>>>

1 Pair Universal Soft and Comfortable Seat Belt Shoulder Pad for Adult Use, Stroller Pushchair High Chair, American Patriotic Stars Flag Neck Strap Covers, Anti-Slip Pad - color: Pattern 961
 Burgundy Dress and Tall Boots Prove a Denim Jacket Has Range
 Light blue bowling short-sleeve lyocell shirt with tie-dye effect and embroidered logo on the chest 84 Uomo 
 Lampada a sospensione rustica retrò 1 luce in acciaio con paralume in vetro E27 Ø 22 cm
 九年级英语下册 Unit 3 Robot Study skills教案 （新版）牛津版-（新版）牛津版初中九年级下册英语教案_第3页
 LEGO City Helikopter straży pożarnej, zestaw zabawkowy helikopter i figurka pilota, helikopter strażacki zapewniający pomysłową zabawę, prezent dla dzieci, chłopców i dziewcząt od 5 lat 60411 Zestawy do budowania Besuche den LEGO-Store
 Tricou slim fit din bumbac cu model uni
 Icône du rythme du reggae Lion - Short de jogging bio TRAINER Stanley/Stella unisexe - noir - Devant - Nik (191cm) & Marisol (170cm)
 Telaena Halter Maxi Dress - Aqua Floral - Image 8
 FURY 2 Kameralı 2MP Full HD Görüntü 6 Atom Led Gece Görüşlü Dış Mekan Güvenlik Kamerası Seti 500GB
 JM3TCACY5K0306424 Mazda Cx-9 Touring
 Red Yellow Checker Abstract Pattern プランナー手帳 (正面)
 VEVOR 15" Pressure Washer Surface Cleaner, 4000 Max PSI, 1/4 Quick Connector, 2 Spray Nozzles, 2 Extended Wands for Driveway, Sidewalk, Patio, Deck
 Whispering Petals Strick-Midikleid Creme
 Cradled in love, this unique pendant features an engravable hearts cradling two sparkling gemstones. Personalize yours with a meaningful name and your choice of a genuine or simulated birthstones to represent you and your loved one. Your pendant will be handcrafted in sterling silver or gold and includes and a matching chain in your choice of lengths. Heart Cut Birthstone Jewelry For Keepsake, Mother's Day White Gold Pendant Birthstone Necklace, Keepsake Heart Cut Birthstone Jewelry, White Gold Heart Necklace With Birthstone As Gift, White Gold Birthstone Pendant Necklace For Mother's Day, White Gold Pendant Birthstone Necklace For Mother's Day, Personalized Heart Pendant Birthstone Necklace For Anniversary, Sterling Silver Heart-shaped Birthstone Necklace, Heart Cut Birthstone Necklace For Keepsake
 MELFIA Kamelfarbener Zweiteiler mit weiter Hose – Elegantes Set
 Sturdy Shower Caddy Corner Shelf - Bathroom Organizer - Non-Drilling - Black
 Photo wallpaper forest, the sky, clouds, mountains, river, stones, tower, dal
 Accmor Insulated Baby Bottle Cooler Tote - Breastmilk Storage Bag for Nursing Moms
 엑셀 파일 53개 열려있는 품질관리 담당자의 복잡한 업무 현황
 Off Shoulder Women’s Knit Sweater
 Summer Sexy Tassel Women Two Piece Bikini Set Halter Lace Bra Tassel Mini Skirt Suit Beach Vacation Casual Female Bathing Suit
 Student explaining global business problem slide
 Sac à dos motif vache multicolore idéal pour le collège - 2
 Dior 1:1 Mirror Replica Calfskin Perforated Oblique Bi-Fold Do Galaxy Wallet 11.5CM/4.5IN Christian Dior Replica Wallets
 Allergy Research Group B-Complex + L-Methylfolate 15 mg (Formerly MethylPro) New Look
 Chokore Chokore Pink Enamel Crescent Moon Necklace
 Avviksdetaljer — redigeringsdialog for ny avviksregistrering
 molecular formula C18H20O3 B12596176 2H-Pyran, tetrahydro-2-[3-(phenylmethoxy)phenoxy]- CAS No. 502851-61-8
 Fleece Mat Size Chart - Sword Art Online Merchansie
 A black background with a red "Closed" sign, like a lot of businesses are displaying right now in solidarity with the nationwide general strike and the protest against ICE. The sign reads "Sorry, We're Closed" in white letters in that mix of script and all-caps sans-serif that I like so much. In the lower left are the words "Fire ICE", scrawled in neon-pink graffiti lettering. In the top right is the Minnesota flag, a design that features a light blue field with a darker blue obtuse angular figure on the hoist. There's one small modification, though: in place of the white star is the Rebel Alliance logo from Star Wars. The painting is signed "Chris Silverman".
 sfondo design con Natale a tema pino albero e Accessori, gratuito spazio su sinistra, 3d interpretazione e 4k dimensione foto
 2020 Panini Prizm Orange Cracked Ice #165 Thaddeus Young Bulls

<<<

#### Exercise prompt
Write the entries again, exactly as they stand.

#### Exercise answer
1 Pair Universal Soft and Comfortable Seat Belt Shoulder Pad for Adult Use, Stroller Pushchair High Chair, American Patriotic Stars Flag Neck Strap Covers, Anti-Slip Pad - color: Pattern 961
 Burgundy Dress and Tall Boots Prove a Denim Jacket Has Range
 Light blue bowling short-sleeve lyocell shirt with tie-dye effect and embroidered logo on the chest 84 Uomo 
 Lampada a sospensione rustica retrò 1 luce in acciaio con paralume in vetro E27 Ø 22 cm
 九年级英语下册 Unit 3 Robot Study skills教案 （新版）牛津版-（新版）牛津版初中九年级下册英语教案_第3页
 LEGO City Helikopter straży pożarnej, zestaw zabawkowy helikopter i figurka pilota, helikopter strażacki zapewniający pomysłową zabawę, prezent dla dzieci, chłopców i dziewcząt od 5 lat 60411 Zestawy do budowania Besuche den LEGO-Store
 Tricou slim fit din bumbac cu model uni
 Icône du rythme du reggae Lion - Short de jogging bio TRAINER Stanley/Stella unisexe - noir - Devant - Nik (191cm) & Marisol (170cm)
 Telaena Halter Maxi Dress - Aqua Floral - Image 8
 FURY 2 Kameralı 2MP Full HD Görüntü 6 Atom Led Gece Görüşlü Dış Mekan Güvenlik Kamerası Seti 500GB
 JM3TCACY5K0306424 Mazda Cx-9 Touring
 Red Yellow Checker Abstract Pattern プランナー手帳 (正面)
 VEVOR 15" Pressure Washer Surface Cleaner, 4000 Max PSI, 1/4 Quick Connector, 2 Spray Nozzles, 2 Extended Wands for Driveway, Sidewalk, Patio, Deck
 Whispering Petals Strick-Midikleid Creme
 Cradled in love, this unique pendant features an engravable hearts cradling two sparkling gemstones. Personalize yours with a meaningful name and your choice of a genuine or simulated birthstones to represent you and your loved one. Your pendant will be handcrafted in sterling silver or gold and includes and a matching chain in your choice of lengths. Heart Cut Birthstone Jewelry For Keepsake, Mother's Day White Gold Pendant Birthstone Necklace, Keepsake Heart Cut Birthstone Jewelry, White Gold Heart Necklace With Birthstone As Gift, White Gold Birthstone Pendant Necklace For Mother's Day, White Gold Pendant Birthstone Necklace For Mother's Day, Personalized Heart Pendant Birthstone Necklace For Anniversary, Sterling Silver Heart-shaped Birthstone Necklace, Heart Cut Birthstone Necklace For Keepsake
 MELFIA Kamelfarbener Zweiteiler mit weiter Hose – Elegantes Set
 Sturdy Shower Caddy Corner Shelf - Bathroom Organizer - Non-Drilling - Black
 Photo wallpaper forest, the sky, clouds, mountains, river, stones, tower, dal
 Accmor Insulated Baby Bottle Cooler Tote - Breastmilk Storage Bag for Nursing Moms
 엑셀 파일 53개 열려있는 품질관리 담당자의 복잡한 업무 현황
 Off Shoulder Women’s Knit Sweater
 Summer Sexy Tassel Women Two Piece Bikini Set Halter Lace Bra Tassel Mini Skirt Suit Beach Vacation Casual Female Bathing Suit
 Student explaining global business problem slide
 Sac à dos motif vache multicolore idéal pour le collège - 2
 Dior 1:1 Mirror Replica Calfskin Perforated Oblique Bi-Fold Do Galaxy Wallet 11.5CM/4.5IN Christian Dior Replica Wallets
 Allergy Research Group B-Complex + L-Methylfolate 15 mg (Formerly MethylPro) New Look
 Chokore Chokore Pink Enamel Crescent Moon Necklace
 Avviksdetaljer — redigeringsdialog for ny avviksregistrering
 molecular formula C18H20O3 B12596176 2H-Pyran, tetrahydro-2-[3-(phenylmethoxy)phenoxy]- CAS No. 502851-61-8
 Fleece Mat Size Chart - Sword Art Online Merchansie
 A black background with a red "Closed" sign, like a lot of businesses are displaying right now in solidarity with the nationwide general strike and the protest against ICE. The sign reads "Sorry, We're Closed" in white letters in that mix of script and all-caps sans-serif that I like so much. In the lower left are the words "Fire ICE", scrawled in neon-pink graffiti lettering. In the top right is the Minnesota flag, a design that features a light blue field with a darker blue obtuse angular figure on the hoist. There's one small modification, though: in place of the white star is the Rebel Alliance logo from Star Wars. The painting is signed "Chris Silverman".
 sfondo design con Natale a tema pino albero e Accessori, gratuito spazio su sinistra, 3d interpretazione e 4k dimensione foto
 2020 Panini Prizm Orange Cracked Ice #165 Thaddeus Young Bulls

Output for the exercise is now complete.